Yep, there sure have been a lot of people over the past decade or two complaining about Digital Rights Management. For the most part I’ve been a complacent monkey in the whole thing just accepting it as a necessary evil of living in the digital age.

For those uninitiated, Digital Rights Management (called DRM) is code embedded in digital media (like digital audio and digital video files) that somehow ensure that the files are only played on the hardware that the owner of the media allows.

There’s a lot of blogs, and lawsuits, and such out there that have covered all of this. I don’t want to cover it again.

So why am I writing this blog then? Well, last night I ordered a movie from Amazon on my TiVo. Somehow, though, my TiVo in the bedroom decided it would download the movie, and not the one in the living room. After the movie downloaded, TiVo wouldn’t let me transfer the recording from one to the other. DRM strikes again.

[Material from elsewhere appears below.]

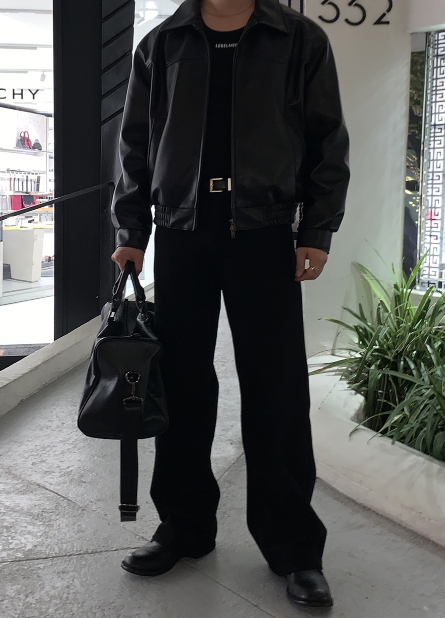 [ In-house ] Deep Black Premium Western Leather Blouson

Well, now for the ultimate analog hole. I physically picked up my bedroom TiVo and moved it to the living room to watch the movie. Screw you DRM.

DRM is simply something that makes life inconvenient at best for those of us that are honest. The thieves have ways around DRM.

In the end though I think this is a small piece in the bigger problem. TiVo has jumped the shark. The future of DVR is not in TiVo. hopefully we’ll see a re-emergence of Windows Media Center this year as the DVR to have.